I’ve always been a bit off balance. It’s served me well. It has resulted in a certain degree of clutziness throughout my life, but also allows me to fall and land well since I’m so used to being off centered. Nevertheless, my balance is not what it used to be, largely because I don’t practice it enough. I don’t take Yoga, and I don’t do balance exercises at the gym.
A few years ago, I wanted to again take up inline skating. My entire family voted against it because when you fall you fall on hard ground, usually concrete, and can break something.
Given all that, you’d think I’d shy away from any sort of balancing acts, but no. Today, we bought a Standing Paddle Board to prepare for fun summer activities. It’s a safe bet my girls will use the paddle board more than me, but it’s also a safe bet I’ll use it and fall frequently. The good news is that when you fall on a paddle board, it’s into water, so it’s a soft landing. No harm, except to egos, and I have no ego about balance. Success to me is staying standing longer than I might otherwise assume with each outing.
Last year, we tried paddle boarding with a neighbor’s board. I thought it was a tremendous success because I got up on the paddle board and paddled away the tiniest bit. And I did fall, but not until I moved the board a few feet forward and a few feet sideways. I couldn’t turn it around, and, of course, I was rushing because I had a pending appointment on more solid ground.
Ironically, my youngest daughter felt it was an abysmal failure – because I fell! What I learned is that people have very different definitions of success and failure. I had set the bar low for myself, so just standing erect on the board was a success. It never dawned on me I wouldn’t fall off it! I was happy that I had immediately graduated to paddle while standing rather than sitting or on my knees as is common for many beginners.

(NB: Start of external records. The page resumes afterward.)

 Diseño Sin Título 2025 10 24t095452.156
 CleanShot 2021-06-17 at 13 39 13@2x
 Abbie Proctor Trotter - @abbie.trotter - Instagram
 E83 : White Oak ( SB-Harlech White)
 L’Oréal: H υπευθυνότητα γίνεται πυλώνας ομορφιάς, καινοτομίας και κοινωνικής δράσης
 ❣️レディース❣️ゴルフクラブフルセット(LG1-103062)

Paddle boarding may be a good analogy for life and work. Frequently success is not defined by sinking or swimming. It’s defined by trying, falling, getting back up, and trying to find balance. If that’s true, this may be my sport!

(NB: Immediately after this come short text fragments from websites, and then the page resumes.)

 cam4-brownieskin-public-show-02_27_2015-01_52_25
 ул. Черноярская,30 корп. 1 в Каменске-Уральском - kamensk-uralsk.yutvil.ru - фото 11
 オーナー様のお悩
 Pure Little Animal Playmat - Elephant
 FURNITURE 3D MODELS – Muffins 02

P.S. There are some amazing people who actually do yoga on paddleboards. I’m going to be happy if I can just stay straight and do yoga on land! I am in awe of them and wish them well. I’m sticking to straight paddling. And in case you had ask, no the picture above is not me, nor anyone I know.

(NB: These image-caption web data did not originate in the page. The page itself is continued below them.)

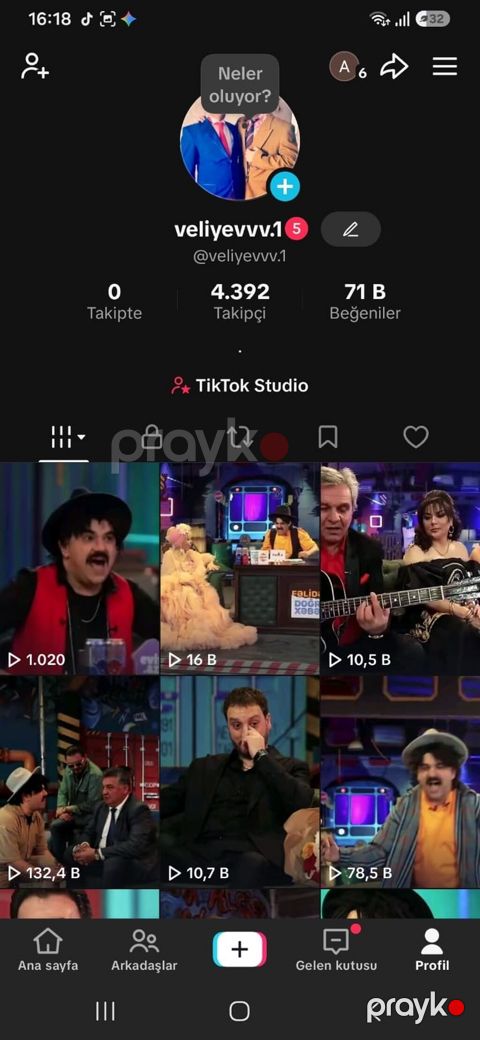 SMM menecer tələb olunur — Siyəzən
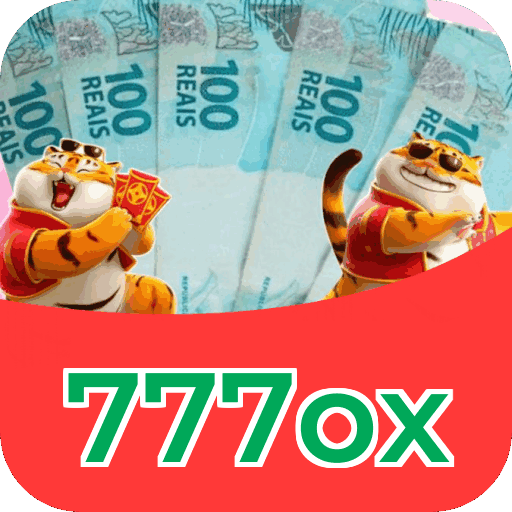 777ox - Caso verificado Maria R. bônus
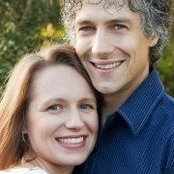 Christa Gregg's photo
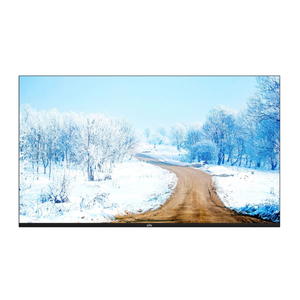 Профессиональный FHD LED-монитор UNV MW3255-F-V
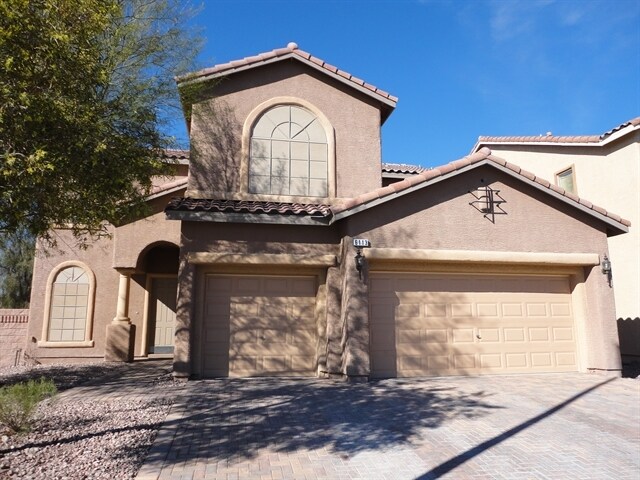 Foto principal - 6113 Stibor Street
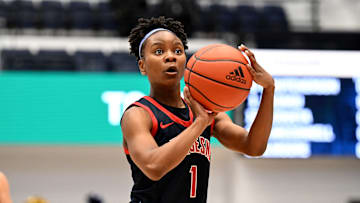 Duquesne v George Washington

Daily Focus on Gun Sanity: The problem with gun control in this country is that there has been no balance. It has been approached as an all or nothing proposition — anyone anywhere anytime or no one, nowhere, no time. There is a time and place for everything and people who should engage in an activity and people who shouldn’t. Those proposing gun sanity, are just saying that and no more. Let hunters hunt. Let collectors collect. Let sane, mature people preferably with training have guns if they desire. Everyone else, not so much. That’s a balanced approach, just as democracy itself requires checks and balances among its branches. What control advocates ask for is some checks and balances among our citizenry without the loopholes that allow crazies to do crazy things.